Adoptive transfer of virus-specific and tumor-specific T cell immunity

Abstract

The adoptive transfer of T cells isolated or engineered to have specificity for diseased cells represents an ideal approach for the targeted therapy of human viral and malignant diseases. The therapeutic potential of adoptive T cell therapy for infections and cancer was demonstrated in rodent models long ago, but the task of translating this approach into an effective clinical therapy has not been easy. Carefully designed clinical trials have evaluated the transfer of antigen-specific T cells in humans, and provided insight into the barriers to efficacy and strategies to improve T cell therapy. The importance of altering the host environment to facilitate persistence and function of transferred T cells and intrinsic properties of T cells that are selected or engineered for therapy in determining their fate in vivo are key issues that have recently emerged and are informing the design of the next generation of clinical trials.

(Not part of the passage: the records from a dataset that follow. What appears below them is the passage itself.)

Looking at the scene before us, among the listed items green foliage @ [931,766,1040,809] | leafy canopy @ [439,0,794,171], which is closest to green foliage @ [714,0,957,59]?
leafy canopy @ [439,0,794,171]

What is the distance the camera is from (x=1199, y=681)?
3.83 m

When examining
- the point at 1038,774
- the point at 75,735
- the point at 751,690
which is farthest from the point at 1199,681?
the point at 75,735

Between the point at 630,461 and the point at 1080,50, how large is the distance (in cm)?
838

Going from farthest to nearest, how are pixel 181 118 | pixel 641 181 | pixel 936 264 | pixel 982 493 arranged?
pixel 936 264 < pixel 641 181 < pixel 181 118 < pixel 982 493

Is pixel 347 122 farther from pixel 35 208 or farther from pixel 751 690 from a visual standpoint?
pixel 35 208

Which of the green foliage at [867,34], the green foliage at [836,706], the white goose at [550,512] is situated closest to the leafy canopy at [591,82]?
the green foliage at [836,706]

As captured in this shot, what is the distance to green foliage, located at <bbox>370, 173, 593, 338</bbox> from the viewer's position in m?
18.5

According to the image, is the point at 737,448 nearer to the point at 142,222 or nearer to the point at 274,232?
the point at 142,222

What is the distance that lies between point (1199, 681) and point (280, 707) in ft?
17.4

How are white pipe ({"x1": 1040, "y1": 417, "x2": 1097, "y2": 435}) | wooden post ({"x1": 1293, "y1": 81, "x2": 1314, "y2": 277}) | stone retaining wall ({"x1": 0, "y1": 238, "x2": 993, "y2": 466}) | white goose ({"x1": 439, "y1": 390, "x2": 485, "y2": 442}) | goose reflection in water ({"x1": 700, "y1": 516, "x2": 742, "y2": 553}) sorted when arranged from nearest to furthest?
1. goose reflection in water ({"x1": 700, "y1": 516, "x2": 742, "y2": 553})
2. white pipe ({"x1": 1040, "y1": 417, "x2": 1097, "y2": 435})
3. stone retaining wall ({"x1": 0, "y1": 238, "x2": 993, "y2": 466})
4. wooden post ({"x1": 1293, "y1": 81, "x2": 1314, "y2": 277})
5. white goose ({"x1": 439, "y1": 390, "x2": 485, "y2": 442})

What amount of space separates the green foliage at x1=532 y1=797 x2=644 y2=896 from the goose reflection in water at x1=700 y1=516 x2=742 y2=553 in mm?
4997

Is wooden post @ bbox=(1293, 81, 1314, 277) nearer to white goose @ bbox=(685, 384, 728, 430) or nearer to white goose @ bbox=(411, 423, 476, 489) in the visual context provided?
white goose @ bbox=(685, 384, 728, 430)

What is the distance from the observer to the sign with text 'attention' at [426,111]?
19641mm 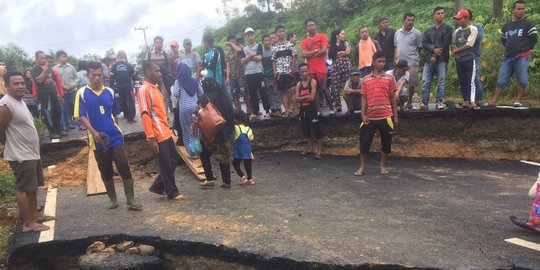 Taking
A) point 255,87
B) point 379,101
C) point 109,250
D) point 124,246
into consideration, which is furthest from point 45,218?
point 379,101

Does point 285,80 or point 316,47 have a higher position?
point 316,47

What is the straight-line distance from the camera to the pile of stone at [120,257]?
3.98m

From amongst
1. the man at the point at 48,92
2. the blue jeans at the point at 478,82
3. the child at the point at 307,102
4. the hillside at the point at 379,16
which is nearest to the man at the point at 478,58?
the blue jeans at the point at 478,82

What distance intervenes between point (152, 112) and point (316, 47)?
3.88m

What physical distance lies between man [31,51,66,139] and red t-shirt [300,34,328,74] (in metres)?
5.27

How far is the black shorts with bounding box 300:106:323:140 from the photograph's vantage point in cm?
743

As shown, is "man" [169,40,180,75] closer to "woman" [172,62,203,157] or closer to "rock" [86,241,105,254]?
"woman" [172,62,203,157]

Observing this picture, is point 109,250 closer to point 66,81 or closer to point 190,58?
point 190,58

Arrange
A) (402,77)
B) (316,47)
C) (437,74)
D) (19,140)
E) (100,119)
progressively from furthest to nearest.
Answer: (316,47), (437,74), (402,77), (100,119), (19,140)

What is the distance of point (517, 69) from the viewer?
7.05 meters

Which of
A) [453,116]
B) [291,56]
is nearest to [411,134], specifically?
[453,116]

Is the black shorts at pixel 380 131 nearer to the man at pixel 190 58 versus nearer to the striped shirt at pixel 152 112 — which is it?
the striped shirt at pixel 152 112

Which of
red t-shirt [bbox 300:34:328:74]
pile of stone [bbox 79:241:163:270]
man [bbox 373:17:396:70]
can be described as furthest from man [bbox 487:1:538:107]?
pile of stone [bbox 79:241:163:270]

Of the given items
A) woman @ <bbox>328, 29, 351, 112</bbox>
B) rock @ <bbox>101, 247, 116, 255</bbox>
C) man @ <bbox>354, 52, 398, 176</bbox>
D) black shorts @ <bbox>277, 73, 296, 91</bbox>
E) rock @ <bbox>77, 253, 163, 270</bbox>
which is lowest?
rock @ <bbox>77, 253, 163, 270</bbox>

Figure 1. Glucocorticoids exert negative effects on adoptively transferred T cells through both nongenomic and genomic mechanisms

The non ligated glucocorticoid receptor (GR) is associated with the T cell receptor signaling complexes containing Fyn and Lck. Immediately upon binding of the GR to glucocorticoid (GC), these multiprotein complexes are disrupted leading to failure of downstream signaling after engagement of the TCR by antigen. Binding of GC to the GR in the cytoplasm also leads to translocation of the bound receptor to the nucleus and regulation of a number of glucocorticoid responsive genes, including repression of proinflammatory genes such as IL-2, and activation of immunosuppressive genes such as MAPK phosphatase-1, and interleukin 10.

Figure 2. Fate of adoptively transferred CD8⁺ effector T cells derived from distinct T cell subsets

Effector T cells (T_E) can be derived from naïve (T_N), central memory (T_CM), and effector memory (T_EM) subsets and express a CD62L^-, CCR7^-, granzyme B^hi, and perforin^hi phenotype. Despite the similar phenotype at the time of adoptive transfer, T cells derived from T_EM precursors die rapidly after cell transfer and do not establish persistent T cell memory. T cells derived from T_CM precursors survive long term in vivo and revert to both CD62L⁺ and CD62L^- memory cells. A subset of the transferred cells that reexpress CD62L and CCR-7 reside in lymph nodes, downregulate expression of granzyme B and perforin and are capable of responding to antigen challenge. The fate of T_E derived from naïve precursors in vitro has not yet been definitively established in a large animal model.

Figure 3. Engineering tumor-reactive effector T cells by insertion of genes that encode tumor-specific T cell receptors or chimeric antigen receptors into central memory T cells

The superior persistence of effector T cells derived from virus-specific T_CM suggests that this subset of T cells should be isolated based on their expression of CD45RO and CD62L for insertion of genes that encode TCR or chimeric antigen receptors (CAR) to target molecules on tumor cells. After insertion of the tumor-targeting receptors, the engineered T cells could be expanded in vitro and despite differentiating to cytolytic effector cells will retain the intrinsic capacity to persist in vivo after adoptive transfer and revert to the memory pool.